Mandel, a disciplined and aggressive campaigner, pounced on these issues in the media, sending out fundraising appeals to supporters with titles such as “Help Me Fight Corruption.”
Now the Boyce campaign is hitting back, saying that at the same time Mandel pushed Ohio’s public pension systems to divest from companies that do business in Iran or Sudan, Mandel invested his own money and spent campaign funds with the very same companies.
Mandel sponsored a bill in 2007 that would have forced the five retirement systems to divest money invested in companies that do business in Iran or Sudan. The legislation did not pass, but Mandel received media attention for the effort.
The campaign team for Democrat Kevin Boyce combed through Mandel’s financial disclosure statements and campaign finance reports and now says Mandel isn’t practicing what he preached.
“Mandel has personally and politically benefited from 13 companies that wouldn’t be eligible for pension investments under his own legislation. The issue is not whether these companies should receive investments or donate to campaigns — the issue is Mandel’s hypocrisy,” says the Boyce campaign. “If he can’t follow his own standards, how can Mandel lead the treasury?”
Mandel countered: “All of this is a lie. The entire statement is a not true.”
The list of companies the Boyce campaign is using includes companies banned by federal law from doing business in Iran, Mandel said. The maker of the list has been discredited, he said.

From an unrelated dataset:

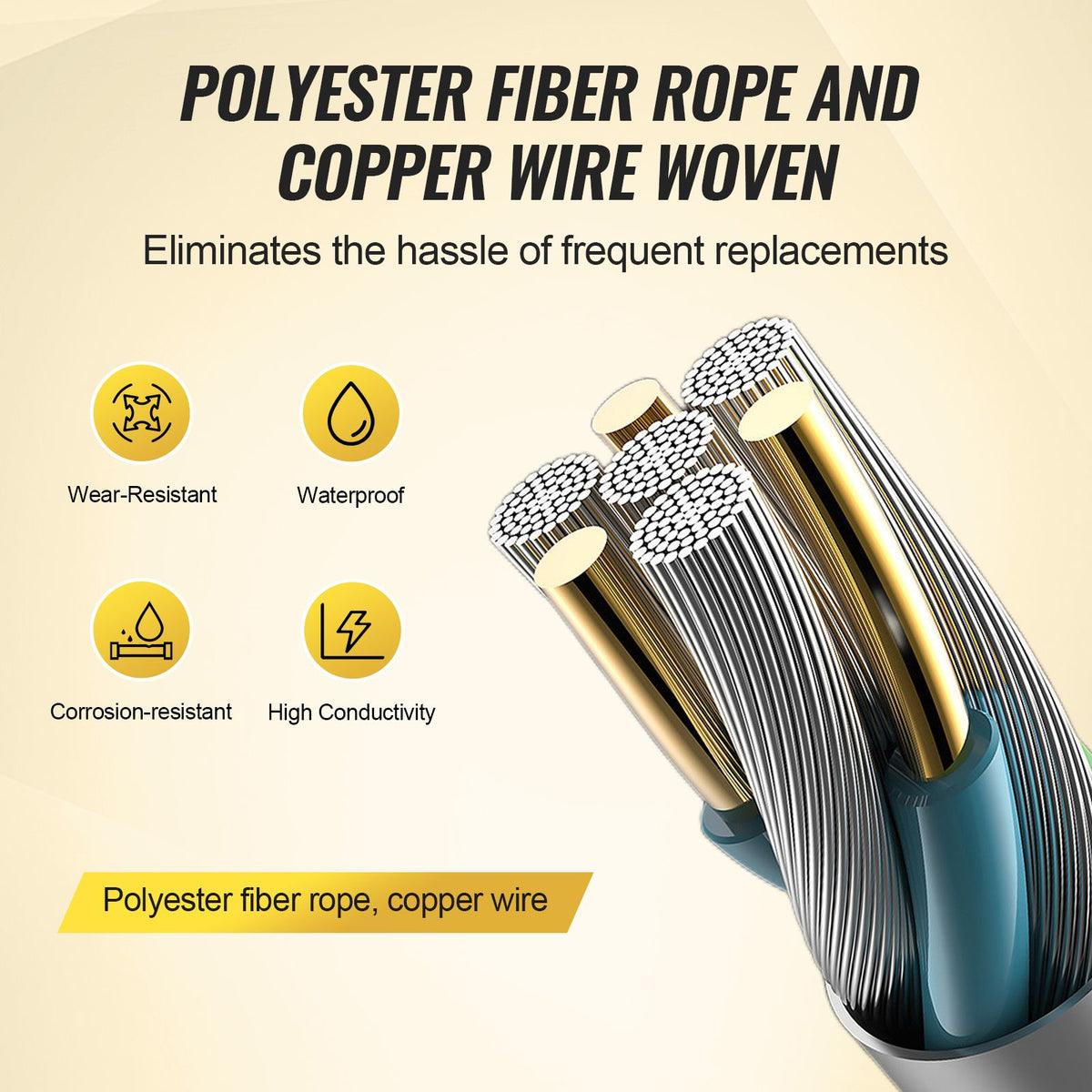 Electric Fence Wire, 1000Ft 305M Portable Polywire, 1/4" Diameter 2 Copper Strands for Reliable Conductivity and Rust Resistance, Fencing Rope Line for Horse, Cattle, Livestock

Boyce campaign manager Bryan Clark disputes the allegation and says it is the same list used by the Ohio Retirement Study Council when it analyzed Mandel’s bill.
Meanwhile, the Mandel campaign has a bone to pick with one of Boyce’s largest individual donors, attorney-lobbyist Robert Crowe. Crowe lobbied for foreign banks that tried to hide assets from Holocaust survivors and attempted to lobby for Sudan, according to news reports.
“Josh is simply trying to detract from his hypocrisy by raising this issue yet again,” Clark said.